Сторож, пожилой дядька с внимательными глазами, казалось заглядывающими к тебе прямо в душу, показал Насте, где висит летний уличный рукомойник за домиком.
– Слышь, парень? Ты её не обижай. Она у тебя, чо-то, как без кожи. У меня, аж, сердце зашлось, как на неё посмотрел. А я таких за километр чую. Чо с ней это такое?
– К отцу привозил. Хороший он мужик был. Разведчик. Нам, пацанам в школе часто про войну рассказывал. А у неё мать в дом привела кабана вонючего. Вот сейчас и надо мне её куда-то пристроить, – Ларик поделился с этим стариком своей заботой, как иногда делятся со случайным попутчиком в поезде самыми насущными проблемами.
– Твоя, что ли?
– Да нет. Просто с детства знакомы. Она же маленькая совсем. У меня другая. Приедет скоро, – Ларик улыбнулся, представив Альку, всегда такую неунывающую и неожиданную.
– Ну, ты этой горя не добавь. Человек он, знаешь, не железный. Терпит, терпит, а потом вот такая капелюшечка упадет – и всё. Как раз и хватит, чтобы убить нахрен, – сторож показал на кончике пальца, какая капелюшечка иногда убить может, потом отвернулся, и Ларику показалось, что голос у него дрогнул.
– Ладно, езжайте. Аккуратно, гляди, – не оборачиваясь и сгорбившись, мужик вошел в сторожку и прикрыл за собой дверь. Ларик ощутимо почувствовал, до холодного ветерка на затылке, что только что тут пронеслось воспоминание о большой беде.
У каждой могилы своя история беды.
До города доехали за полчаса. Дорога была неплохой, ехали в основном по полевой, заросшей травой дороге, идущей параллельно основной. На ней и ровнее, не так трясет, и не так пыльно, как на большой, посыпанной дресвой и выровненной грейдером.
Эля ждала Ларика с приятелем. Он по телефону сообщил, что приедет не один и просил не сильно удивляться.
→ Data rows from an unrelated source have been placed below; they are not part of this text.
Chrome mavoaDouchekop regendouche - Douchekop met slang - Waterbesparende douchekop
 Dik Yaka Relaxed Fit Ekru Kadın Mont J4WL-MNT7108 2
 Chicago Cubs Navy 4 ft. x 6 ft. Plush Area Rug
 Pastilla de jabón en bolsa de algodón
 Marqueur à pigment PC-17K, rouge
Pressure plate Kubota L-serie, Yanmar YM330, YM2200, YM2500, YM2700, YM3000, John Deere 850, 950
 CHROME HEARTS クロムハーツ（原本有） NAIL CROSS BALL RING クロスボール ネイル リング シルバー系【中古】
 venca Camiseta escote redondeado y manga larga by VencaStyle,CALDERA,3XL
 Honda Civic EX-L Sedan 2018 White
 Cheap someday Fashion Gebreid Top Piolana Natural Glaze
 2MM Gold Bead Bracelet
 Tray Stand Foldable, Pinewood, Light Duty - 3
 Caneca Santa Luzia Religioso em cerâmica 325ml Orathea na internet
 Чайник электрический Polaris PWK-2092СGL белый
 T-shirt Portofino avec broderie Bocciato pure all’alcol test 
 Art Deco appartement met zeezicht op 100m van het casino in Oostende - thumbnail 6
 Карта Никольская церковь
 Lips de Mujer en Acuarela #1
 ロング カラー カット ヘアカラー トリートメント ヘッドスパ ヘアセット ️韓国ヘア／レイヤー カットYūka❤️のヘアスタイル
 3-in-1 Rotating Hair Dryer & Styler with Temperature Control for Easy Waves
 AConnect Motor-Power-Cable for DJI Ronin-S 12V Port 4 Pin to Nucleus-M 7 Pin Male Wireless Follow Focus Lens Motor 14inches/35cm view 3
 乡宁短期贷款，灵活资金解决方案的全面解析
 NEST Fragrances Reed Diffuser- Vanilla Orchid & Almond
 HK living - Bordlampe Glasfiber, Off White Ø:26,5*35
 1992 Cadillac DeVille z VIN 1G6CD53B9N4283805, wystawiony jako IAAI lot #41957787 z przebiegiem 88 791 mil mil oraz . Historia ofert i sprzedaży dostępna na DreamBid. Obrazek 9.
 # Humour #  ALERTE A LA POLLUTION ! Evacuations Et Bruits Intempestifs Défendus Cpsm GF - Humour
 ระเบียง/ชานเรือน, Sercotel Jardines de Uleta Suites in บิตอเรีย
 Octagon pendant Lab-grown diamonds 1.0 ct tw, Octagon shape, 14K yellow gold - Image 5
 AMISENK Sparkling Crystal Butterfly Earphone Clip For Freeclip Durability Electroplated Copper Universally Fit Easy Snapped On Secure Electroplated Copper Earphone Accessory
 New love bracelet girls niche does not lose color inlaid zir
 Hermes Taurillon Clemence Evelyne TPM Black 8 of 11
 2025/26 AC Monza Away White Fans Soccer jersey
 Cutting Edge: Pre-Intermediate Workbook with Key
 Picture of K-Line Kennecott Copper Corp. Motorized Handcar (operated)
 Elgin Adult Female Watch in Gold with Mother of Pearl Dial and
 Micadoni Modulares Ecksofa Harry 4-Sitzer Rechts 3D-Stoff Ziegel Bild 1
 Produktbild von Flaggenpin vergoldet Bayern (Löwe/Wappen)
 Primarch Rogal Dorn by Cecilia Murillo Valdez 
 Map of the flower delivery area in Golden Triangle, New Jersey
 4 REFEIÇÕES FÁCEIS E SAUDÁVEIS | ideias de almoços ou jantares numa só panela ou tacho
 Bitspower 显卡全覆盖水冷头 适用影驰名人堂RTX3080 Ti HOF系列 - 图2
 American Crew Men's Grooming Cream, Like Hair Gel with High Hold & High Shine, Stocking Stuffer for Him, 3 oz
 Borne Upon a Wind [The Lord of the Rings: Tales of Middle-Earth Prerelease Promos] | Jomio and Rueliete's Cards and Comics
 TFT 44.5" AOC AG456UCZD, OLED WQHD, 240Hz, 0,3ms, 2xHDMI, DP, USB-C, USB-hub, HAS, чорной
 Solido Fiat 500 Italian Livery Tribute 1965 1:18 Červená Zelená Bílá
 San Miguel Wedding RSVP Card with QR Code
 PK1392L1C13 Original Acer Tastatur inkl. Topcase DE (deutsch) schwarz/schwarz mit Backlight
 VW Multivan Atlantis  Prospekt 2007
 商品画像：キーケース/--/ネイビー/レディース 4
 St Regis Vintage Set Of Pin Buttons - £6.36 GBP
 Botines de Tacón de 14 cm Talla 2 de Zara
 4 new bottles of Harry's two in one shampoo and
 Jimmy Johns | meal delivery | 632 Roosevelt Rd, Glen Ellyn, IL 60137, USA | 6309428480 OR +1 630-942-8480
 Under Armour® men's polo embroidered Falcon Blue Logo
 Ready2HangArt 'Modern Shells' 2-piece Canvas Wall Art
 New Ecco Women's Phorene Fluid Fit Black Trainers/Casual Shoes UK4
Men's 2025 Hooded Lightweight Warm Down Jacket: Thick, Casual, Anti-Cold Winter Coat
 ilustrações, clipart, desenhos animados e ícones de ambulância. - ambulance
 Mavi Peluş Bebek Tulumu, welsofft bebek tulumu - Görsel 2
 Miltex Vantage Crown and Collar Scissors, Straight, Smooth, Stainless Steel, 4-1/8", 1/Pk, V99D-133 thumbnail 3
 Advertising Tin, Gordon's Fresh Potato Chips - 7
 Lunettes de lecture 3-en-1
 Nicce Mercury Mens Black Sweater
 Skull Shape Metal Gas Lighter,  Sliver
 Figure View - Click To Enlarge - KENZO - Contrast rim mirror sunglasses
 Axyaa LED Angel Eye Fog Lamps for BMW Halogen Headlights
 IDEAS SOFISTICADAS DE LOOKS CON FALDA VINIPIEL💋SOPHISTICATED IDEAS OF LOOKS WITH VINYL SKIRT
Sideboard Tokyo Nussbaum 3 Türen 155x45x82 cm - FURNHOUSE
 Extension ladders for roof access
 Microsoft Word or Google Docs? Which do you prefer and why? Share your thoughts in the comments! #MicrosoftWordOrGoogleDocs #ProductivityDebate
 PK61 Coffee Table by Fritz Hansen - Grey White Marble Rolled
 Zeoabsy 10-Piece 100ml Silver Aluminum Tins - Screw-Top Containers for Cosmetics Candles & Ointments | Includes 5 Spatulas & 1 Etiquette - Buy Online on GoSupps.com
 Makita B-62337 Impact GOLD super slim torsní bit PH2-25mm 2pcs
Эля очень удивилась и сразу послала его за квасом к бочке, стоявшей на пятачке около магазина, всучив ему в руки алюминиевый бидон с крышкой.
Очередь шла быстро, кто-то пил стаканчик, кто пивную кружку, квас шел нарасхват, рядом стояла уже следующая привезенная бочка. И каждый спрашивал у отходящего: «Ну, хороший, или подкисший?» – квас был хорошим, свежим, без переброда. Когда он вернулся, выпив большую кружку сладковато-кислого щиплющего за язык кваса, Эля с Настей уже заканчивали крошить овощи на окрошку. Ничто другое в такую жару просто не лезло в горло.
Поели, и Настя, чтобы не мешать брату и сестре, и хоть как-то отблагодарить их, вызвалась мыть посуду, тут уж какой труд – под проточной-то водой. Это не то, что у бабулек было: налей – вылей, налей – вылей. И так, – пока не заблестит всё.
Впрочем, Насте у бабулечек нравилось всё, даже их старенький, мятый и не до конца выправленный алюминиевый тазик, для мытья посуды отчаянно и наивно блестевший, как бы извиняясь за свою помятость и неказистость. Сейчас, их домик вспоминался ей, как пряничный чистенький игрушечный домик, пахнувший подошедшим на оладушки тестом, мёдом и парным молоком. И тулупом на полатях. Тулуп пах чем-то основательным, теплым, надежным.
– Настюшка, нам с Лариком поговорить тут надо на семейные темы, ты с мальчишками не сходишь погулять во двор? – Эля сложила руки лодочкой в просьбе.